Task objective:
Restate the data below word for word. Leave the images out.

Dataset content:
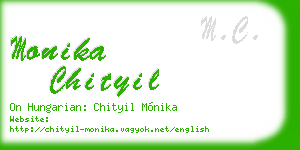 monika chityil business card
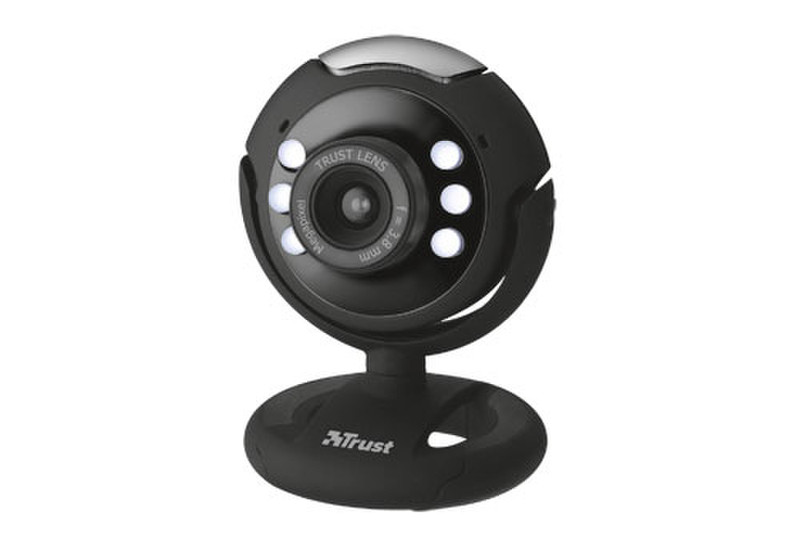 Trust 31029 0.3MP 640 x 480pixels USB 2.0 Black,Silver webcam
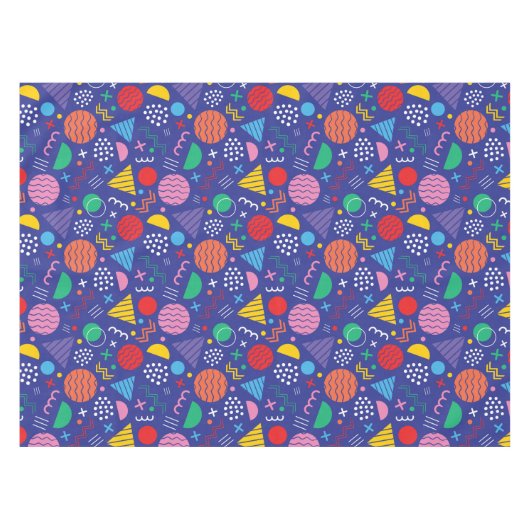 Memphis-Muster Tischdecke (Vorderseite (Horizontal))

Task solution:
 monika chityil business card
 Trust 31029 0.3MP 640 x 480pixels USB 2.0 Black,Silver webcam
 Memphis-Muster Tischdecke (Vorderseite (Horizontal))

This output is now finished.